CIFOR cites recent trends in Indonesia, the Brazilian Amazon, and the Congo Basin as examples. In Indonesia, surging demand for biofuels, timber, and pulpwood is driving large-scale destruction of carbon-rich peatlands and rainforests, which are logged for wood and then converted for oil palm plantations. The process releases scores of millions of tons of carbon emissions every year. Meanwhile in Brazil, deforestation is driven more by currency swings, interest rates, and land prices than it is by poor farmers simply trying to eke out a marginal existence. In sub-Saharan Africa, fuelwood extraction and charcoal production are leading factors behind the continents loss of 4 million hectares a year, but pressure from industrial interests — especially the industrial agriculture sector — are rising.

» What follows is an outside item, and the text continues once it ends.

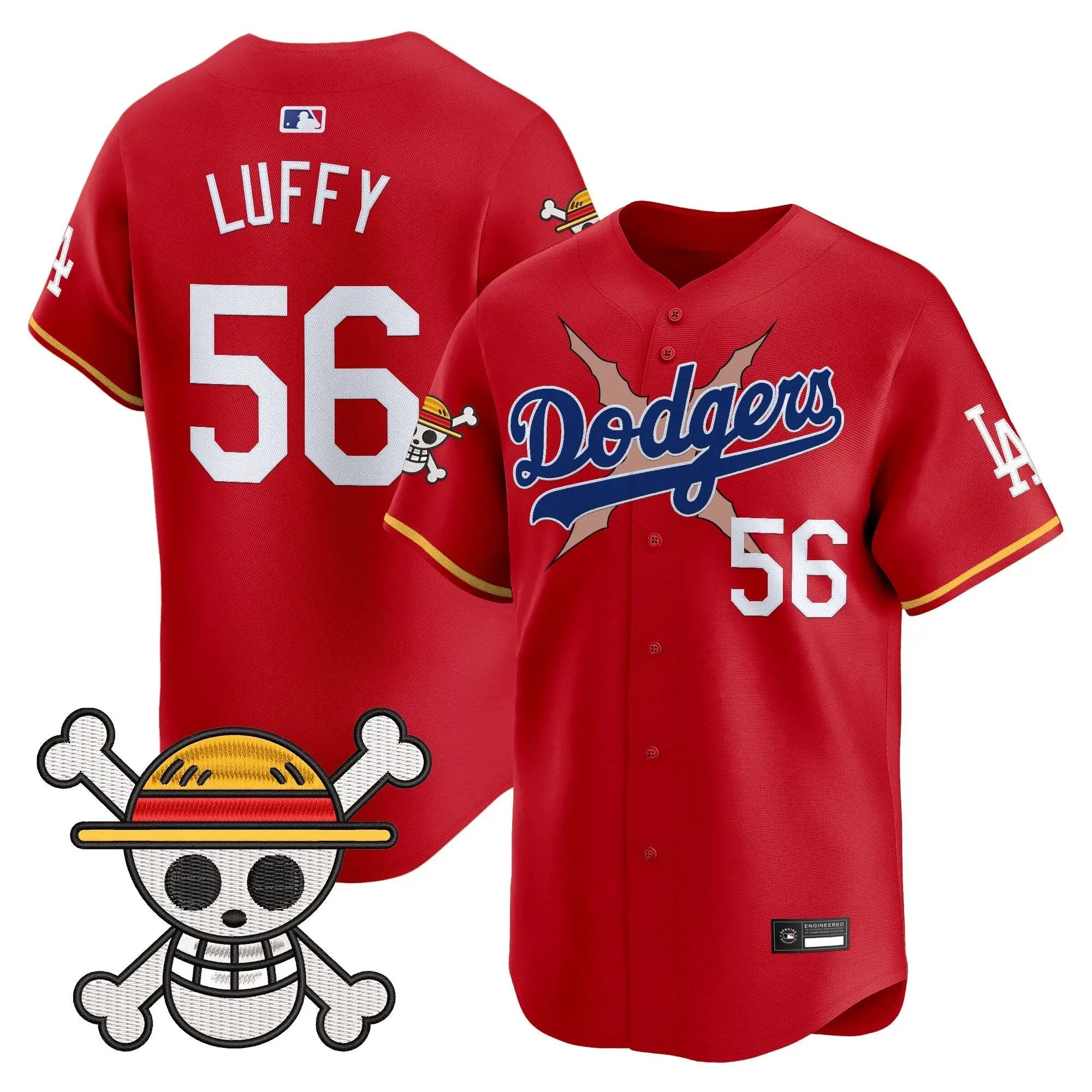 LAD x One Piece Vapor Premier Limited Jersey - Stitched by Digigearus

“Policies that seek to halt deforestation will need to be crafted to address diverse local situations and target activities in areas such as agriculture, transportation and finance that lie well beyond the boundaries of the forest sector,” said Markku Kanninen, one of the authors of the report. “The perverse subsidies that provide incentives for clearing forest must be removed and efforts to secure property rights for local forest communities should be encouraged.”



The report is hopeful that financial incentives that compensate landowners for “environmental services” like carbon storage and watershed protection, but stresses that benefits need to reach rural populations. Otherwise the same industrial interests presently driving deforestation could well position themselves to seize rights to income streams from REDD and other ecosystem payment schemes, intensifying the “severe poverty that now afflicts the majority of rural forest communities in the developing world.”

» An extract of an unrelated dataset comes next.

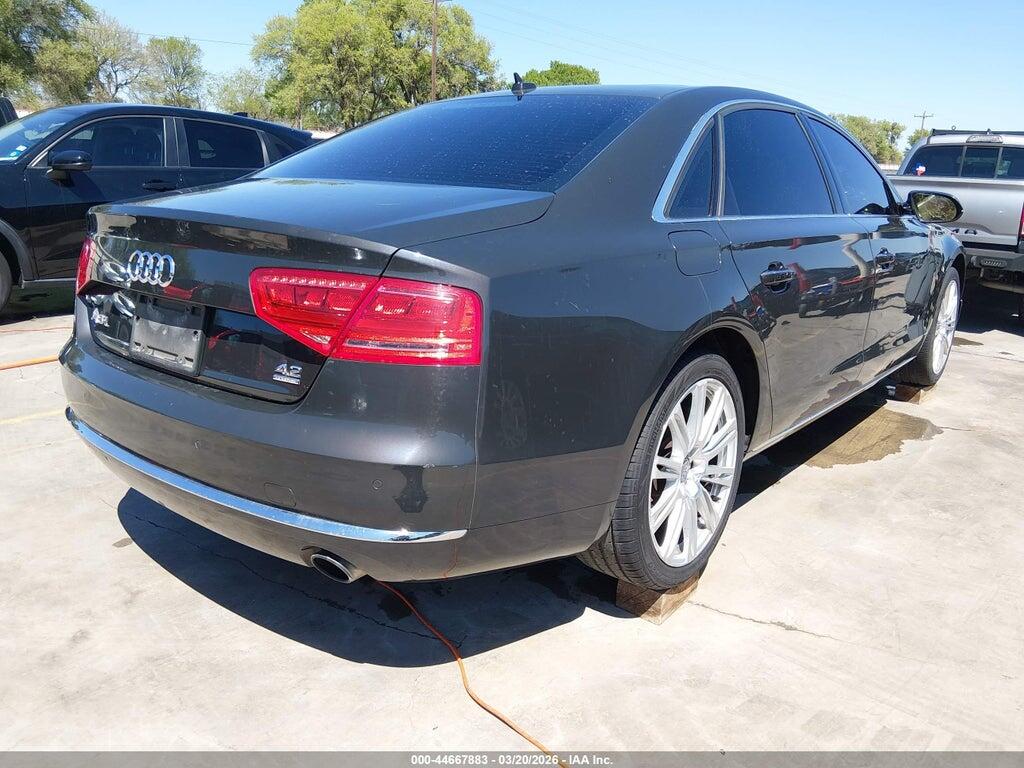 WAURVAFD5CN006261 2012 AUDI A8 L photo no. 4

“Such payments to individual land-users have the potential to ‘flip’ financial incentives from favoring forest destruction, as they now do, to favoring conservation. But the key question is whether or not REDD incentives will be sufficient to flip political and economic decisions at the national level that drive deforestation,” said Seymour. “Since forest property rights are often very unclear, payment for carbon services could end up providing incentives for corrupt officials or local elites to appropriate this new forest value from local communities. We’ve seen this happen before in similar situations, and theres every reason to believe, given the kind of money now being paid for carbon credits, that it could happen again.”

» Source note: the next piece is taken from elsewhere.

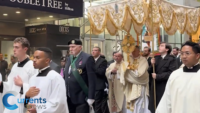 Thousands Join Eucharistic Procession Through Midtown Manhattan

The report goes on to urge policymakers to design “REDD strategies with a clear understanding of potential pitfalls and what can be done to avoid them,” including strengthening weak governance mechanisms and ensuring that the process is fair to poor forest communities.



“We need to temper the desire for maximum reduction in forest-based carbon emissions with regard for the legitimate rights of forest communities to realize the income potential of their forestlands,” Seymour said. “At times there will be trade-offs between reducing carbon emissions and reducing poverty.”